# Getting Error v301 over 90% of the time (Hulu, xfinity, Netflix)



## nrnoble (Aug 25, 2004)

I am constantly getting V301 errors when I attempt to access various streaming applications such as Hulu+, Netflix, xFinity, Amazon etc, etc.

If I spend 2-3 minutes accessing the stream application (ie 50+ times) the Tivo Preimiere will finally connect, but it requires determination on my part to sit there selecting the stream application until there is a successful connection.

I have two Tivo S3, a Rulu XS, and a PC; when accessing the same stream applications (ie Netflix) I do not have any problems, thus its not a problem with my local network.
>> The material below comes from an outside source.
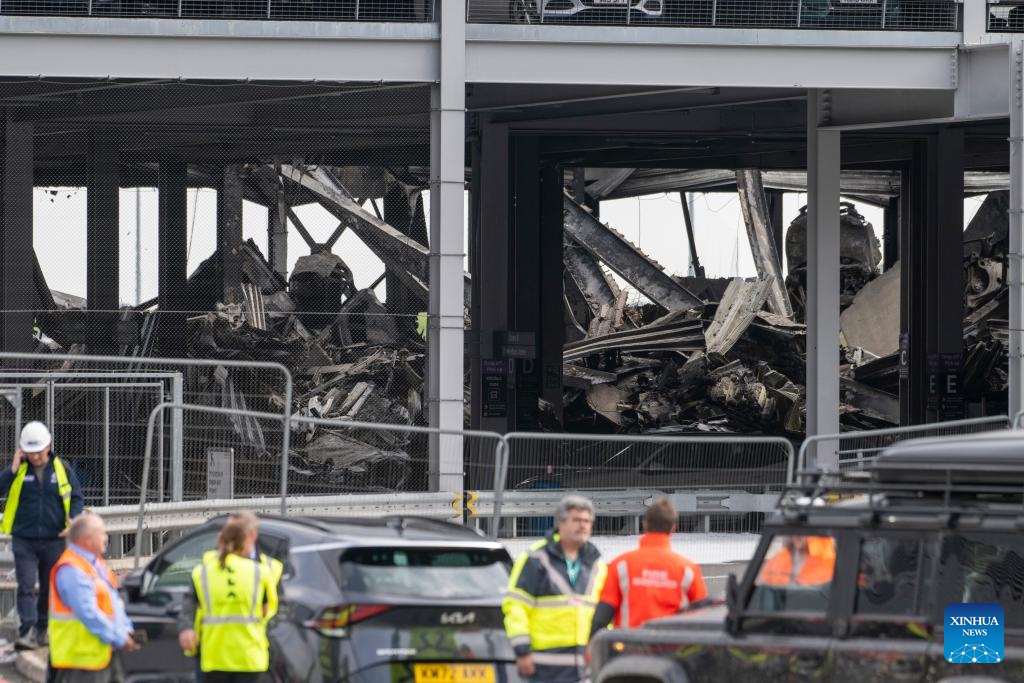 Fire crew members inspect the damage caused by a fire at the London Luton Airport's Terminal Car Park 2 in Britain, Oct. 11, 2023. All flights at London Luton Airport have been suspended until Wednesday afternoon after a massive blaze ripped through one of its car parks.(Photo: Xinhua)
I have been using these stream applications for several years without getting errors. It is only the TiVo Preimere that is currently failing.


----------



## abqdan (Aug 29, 2012)

This is a TiVo problem. They don't seem to be working on it, despite many calls to the support line; they just keep saying 'keep trying and maybe it will get better". Roku, Apple TV, WD TV - all these cheap streaming boxes work, but the TiVo Apps developers just don't seem to be able to get it right. I bought the WD TV in the end because TiVo just doesn't work. See my original thread on this: http://www.tivocommunity.com/tivo-vb/showthread.php?t=492065&highlight=v301


----------



## nrnoble (Aug 25, 2004)

Thanks. I did not see that other thread.

Anyone have a technical understanding as to what is going wrong?
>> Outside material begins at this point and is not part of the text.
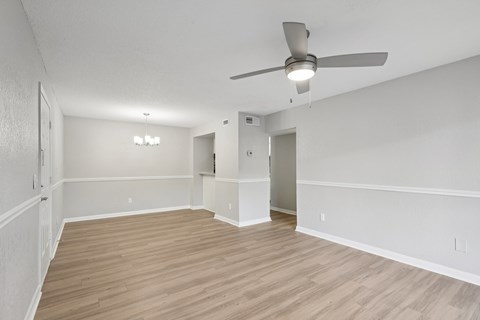 A room with a ceiling fan and light fixture.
For me its all streaming apps that have the problem. Netflix, Hulu+, xFinity, Amazon. Its a major pain in butt when Hulu+ goes to a commerical (switching to a different video), and suddenly I get v301 error and completely disconnect from Hulu+, thus forced to start all over again trying to connect, and restart the TV episode or movie. 

To be honest, I simply have stopped trying to use TiVo for streaming because I can use other devices such Ruku or Xbox 360. However, I just want to use one device (ie TiVo) as much as possible for TV watching, not switching between several devices because TiVo's streaming is consistantly unstable.


----------



## abqdan (Aug 29, 2012)

The consensus seems to be that apps were an afterthought from TiVo. The apps themselves are built by Netflix, Hulu, etc, and the TiVo box just doesn't have the processing power to handle them properly. Which begs the question, since TiVo claims to want to be that 'one box' we all want - why haven't they redesigned the box with a better procressor and more memory? Yes, that might add $20 to the cost of the box, but their customers would be much happier. If Roku, Apple TV and WD TV all sell for less than $100, I'm sure the upgrade to the Premiere wouldn't be that expensive. Seems like a bad marketing idea. If someone like Roku comes out with a box that does DVR functions as well, TiVo will be in trouble.


----------



## celtic pride (Nov 8, 2005)

like i posted on the other thread i have had the v301 error code since feburary or march its now november and the problem still occurs on both my tivos when using rhapsody.


----------



## seattlewendell (Jan 11, 2006)

Old thread up found the solution on anther thread just incase anyone comes across this

This worked for me:
"I got this message too and chatted with Tivo last night. After a couple switches to SD and back to HD, it started to work again. When on HD, hit Thumbs Down, Thumbs Up, Pause, Pause. It'll switch to SD. To get back to HD you'll have to get to settings though. "


----------



## celtic pride (Nov 8, 2005)

I just tried that but nothing happens.


----------



## mnb (Sep 15, 2004)

If I go to Settings-> Displays and change to SD, I can access Xfinity and get program lists at least (didn't try watching a show).

I switched back to HD menus and I get the v301 error trying to access Xfinity.

This sure seems like a TiVo issue if SD works and HD doesn't.


----------